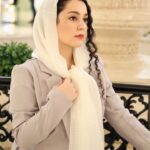 Mahsa Hashemi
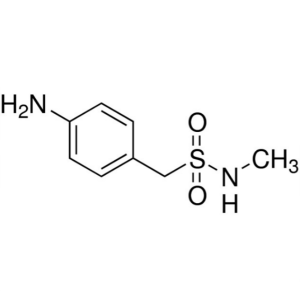 4-Amino-N-Methyl-α-Toluenesulfonamide CAS 109903-35-7 Purity >98.0% (HPLC)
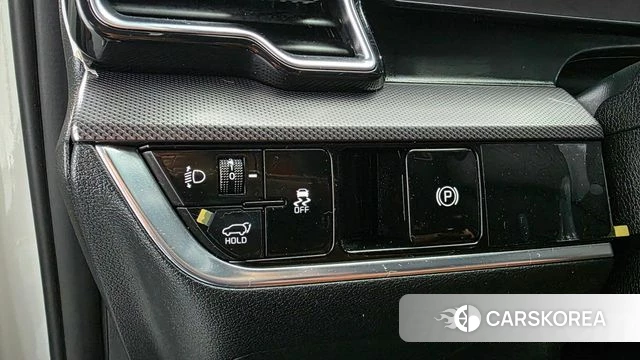 Kia Sportage 5th Generation 2022 Белый из Кореи, фото 6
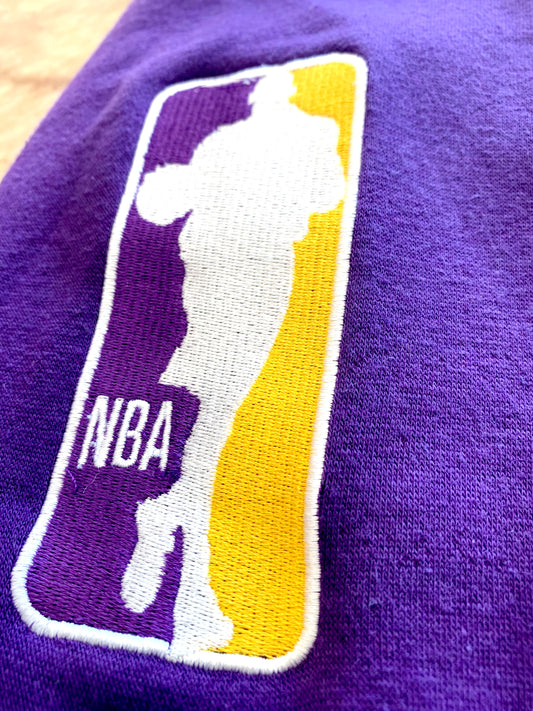 KOBE LIMITED ICON HOODIE PURPLE/GOLD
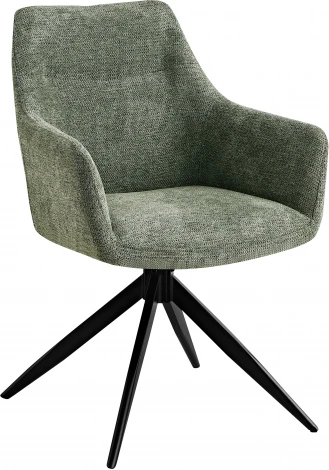 Стул обеденный Enid серо-зеленый Stool Group арт.УТ000039276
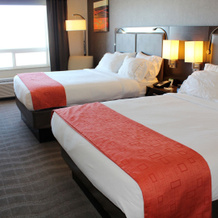 Chateau Inn & Suites Bonnyville, Bonnyville — photo 5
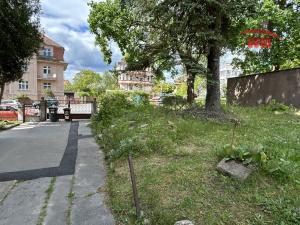 Prodej bytu 4+1, Karlovy Vary, Palackého náměstí, 93 m2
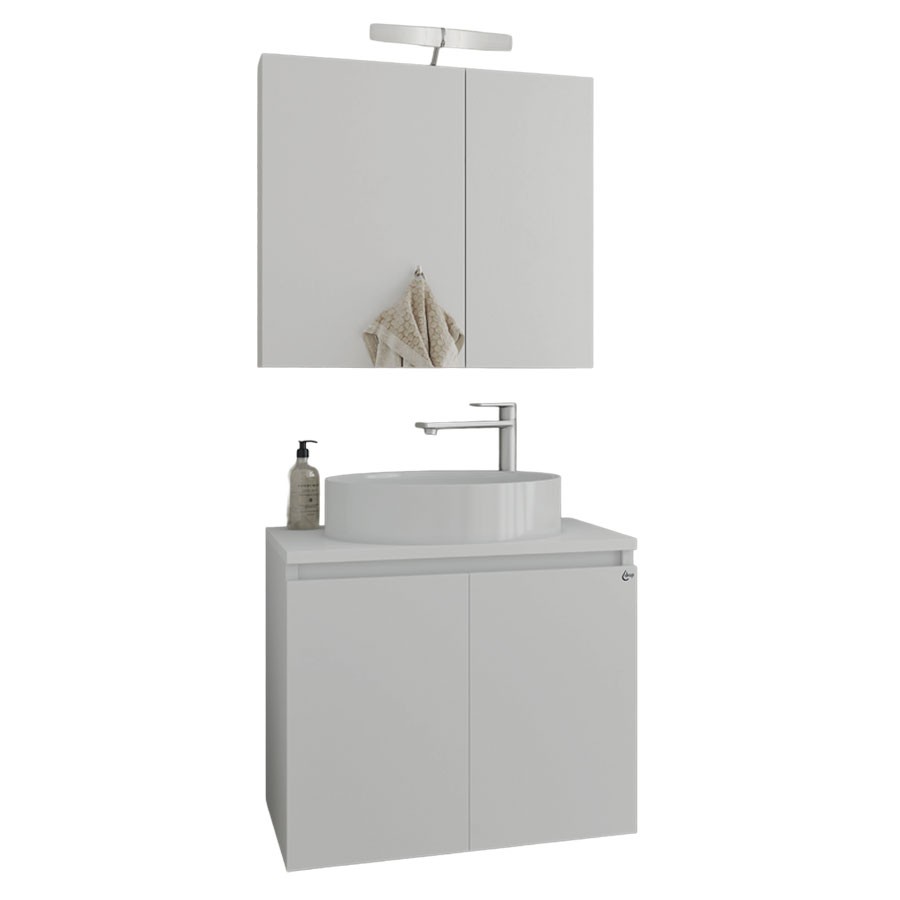 Σετ μπάνιου VERONA 60 ΙΙ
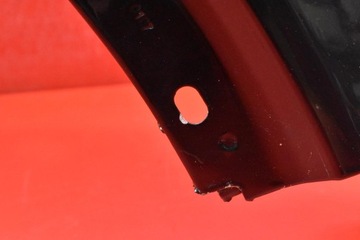 фото thumb №6, Крыло правые перед переднее чёрный ford kuga mk2 13-16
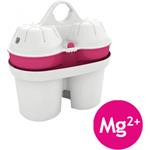 Filtračná kanvica BWT Penguin 2,7 l + 1x Mg2 filter, modrá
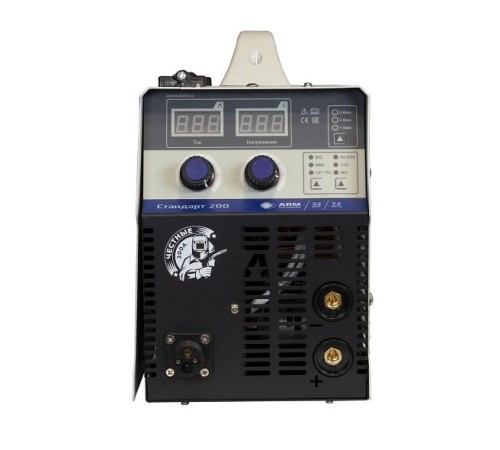 Сварочный полуавтомат  Аврора СТАНДАРТ 200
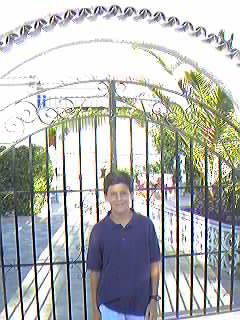 Urbanizaci�n Mil Palmeras.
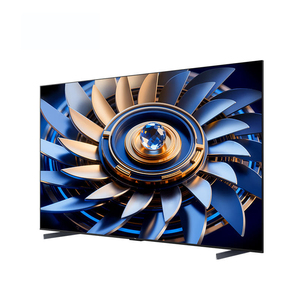 ทีวีสมาร์ททีวี 65 นิ้ว 4K UHD ระบบ WebOS LED สำหรับใช้ในโรงแรม - Product Image 3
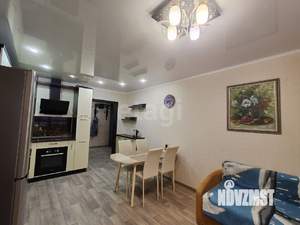 3-к квартира, на длительный срок, 61м2, 4/10 этаж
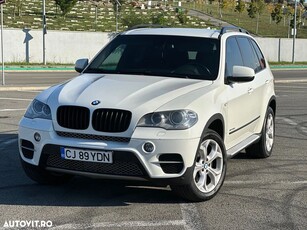 BMW X5 xDrive30d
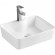 Раковина Azario 48 AZ-2010 Белая Раковина Azario 48 AZ-2010 Белая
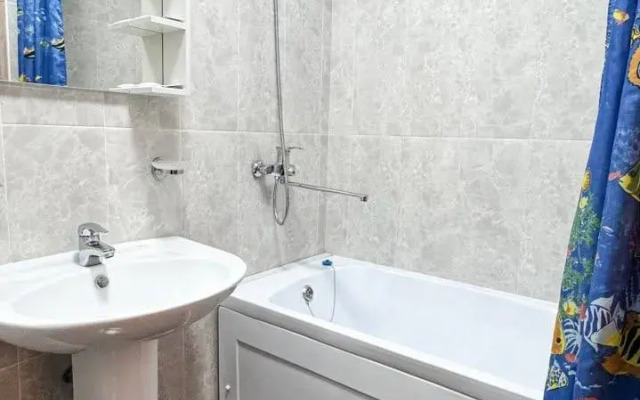 Kavkaz Hotel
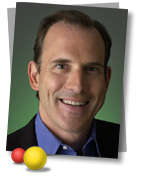 Джонатан Розенберг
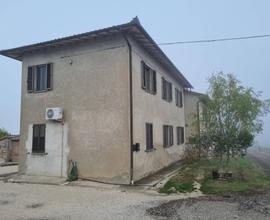 Casale a Todi (PG)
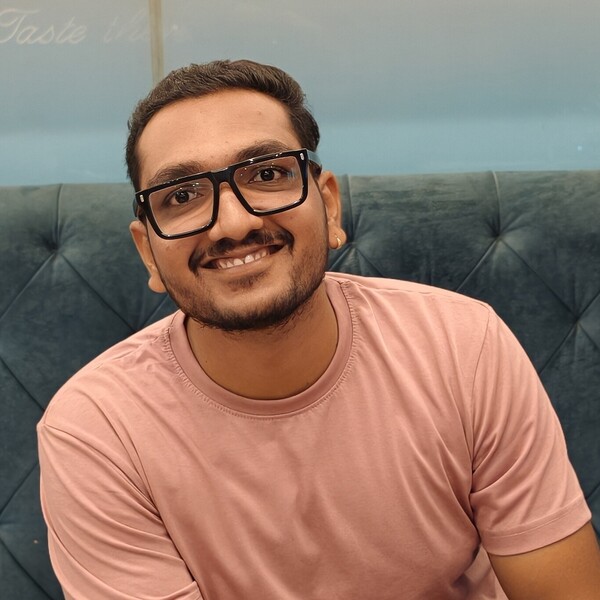 Mayur - Electrical engineering teacher - Kolhapur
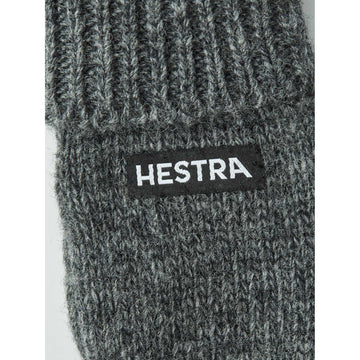 Hestra Pancho Baby Mitt - 0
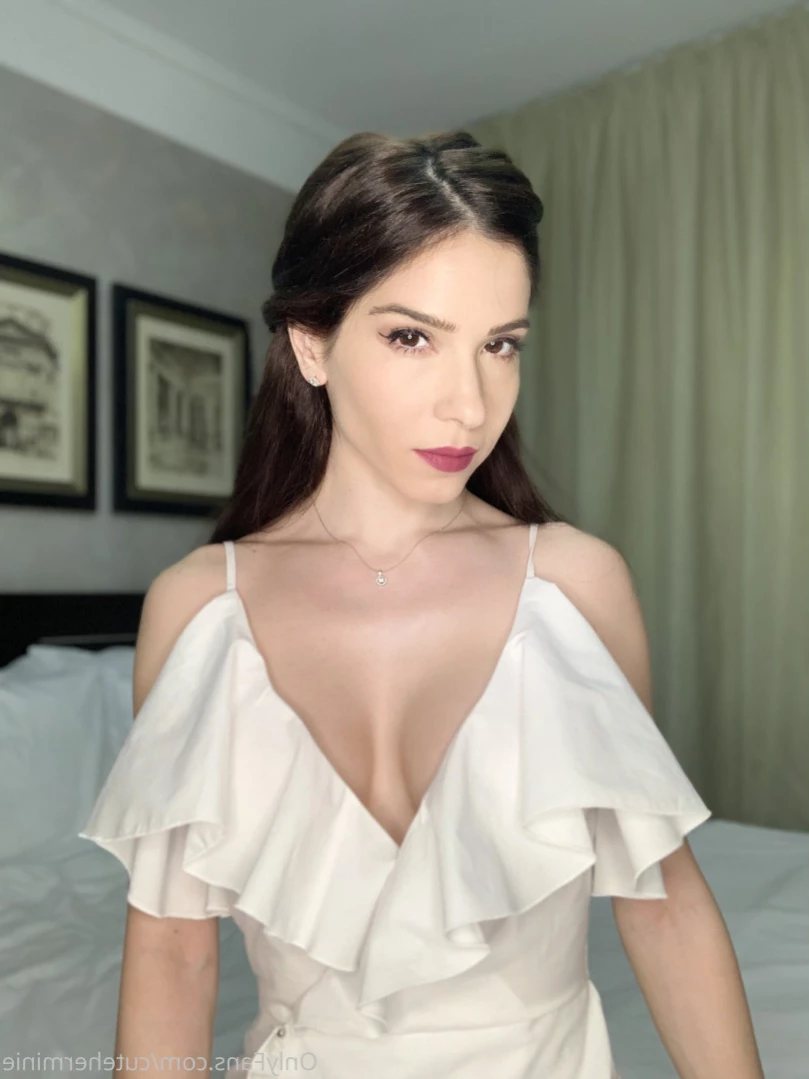 cuteherminie Onlyfans leaked photo 12781212 on Hotleaks.tv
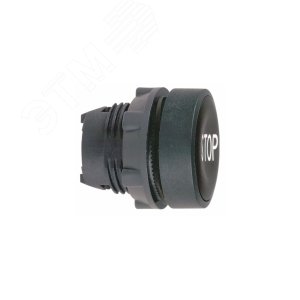 ГОЛОВКА ДЛЯ КНОПКИ ZB5AA234 | ZB5AA234 | Schneider Electric 5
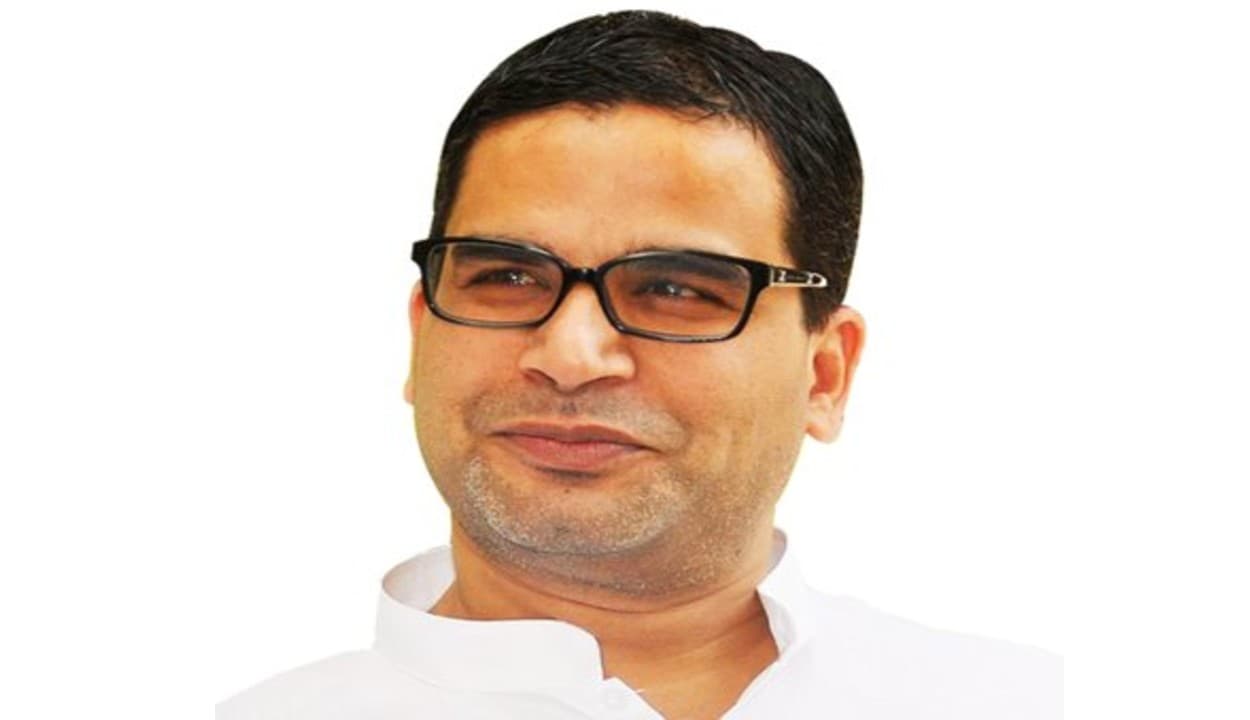 शरद पवार को राष्ट्रपति बनाने के लिए लामबंदी कर रहे प्रशांत किशोर? राहुल से मुलाकात के बाद लगाए जा रहे कयास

- - - -

__Exercise aim__
Excluding pictures, reproduce the listing above exactly as it stands.

__Exercise response__
 Mahsa Hashemi
 4-Amino-N-Methyl-α-Toluenesulfonamide CAS 109903-35-7 Purity >98.0% (HPLC)
 Kia Sportage 5th Generation 2022 Белый из Кореи, фото 6
 KOBE LIMITED ICON HOODIE PURPLE/GOLD
 Стул обеденный Enid серо-зеленый Stool Group арт.УТ000039276
 Chateau Inn & Suites Bonnyville, Bonnyville — photo 5
 Prodej bytu 4+1, Karlovy Vary, Palackého náměstí, 93 m2
 Σετ μπάνιου VERONA 60 ΙΙ
 фото thumb №6, Крыло правые перед переднее чёрный ford kuga mk2 13-16
 Filtračná kanvica BWT Penguin 2,7 l + 1x Mg2 filter, modrá
 Сварочный полуавтомат  Аврора СТАНДАРТ 200
 Urbanizaci�n Mil Palmeras.
 ทีวีสมาร์ททีวี 65 นิ้ว 4K UHD ระบบ WebOS LED สำหรับใช้ในโรงแรม - Product Image 3
 3-к квартира, на длительный срок, 61м2, 4/10 этаж
 BMW X5 xDrive30d
 Раковина Azario 48 AZ-2010 Белая Раковина Azario 48 AZ-2010 Белая
 Kavkaz Hotel
 Джонатан Розенберг
 Casale a Todi (PG)
 Mayur - Electrical engineering teacher - Kolhapur
 Hestra Pancho Baby Mitt - 0
 cuteherminie Onlyfans leaked photo 12781212 on Hotleaks.tv
 ГОЛОВКА ДЛЯ КНОПКИ ZB5AA234 | ZB5AA234 | Schneider Electric 5
 शरद पवार को राष्ट्रपति बनाने के लिए लामबंदी कर रहे प्रशांत किशोर? राहुल से मुलाकात के बाद लगाए जा रहे कयास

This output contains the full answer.